--- RECORD EXTRACTS ---
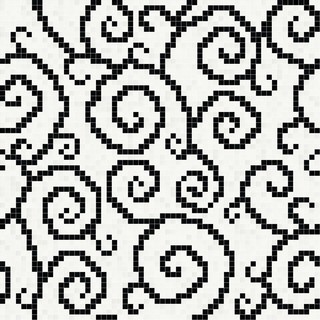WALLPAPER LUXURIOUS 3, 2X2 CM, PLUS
---
--- RECORD EXTRACTS ---
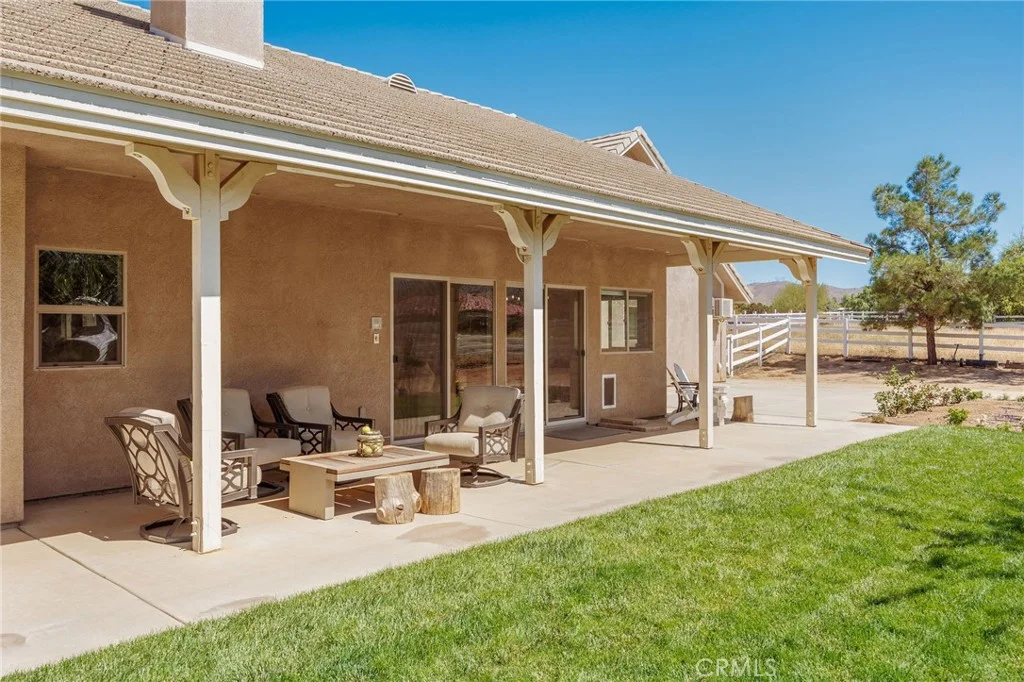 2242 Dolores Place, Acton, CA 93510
---
--- RECORD EXTRACTS ---
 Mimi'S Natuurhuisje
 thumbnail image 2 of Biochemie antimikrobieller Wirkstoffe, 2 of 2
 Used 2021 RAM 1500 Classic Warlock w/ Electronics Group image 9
---
● EXERCISE BRIEF: Show every line of the listing containing the string "image" by copying it.

● WRITTEN ANSWER:
 thumbnail image 2 of Biochemie antimikrobieller Wirkstoffe, 2 of 2
 Used 2021 RAM 1500 Classic Warlock w/ Electronics Group image 9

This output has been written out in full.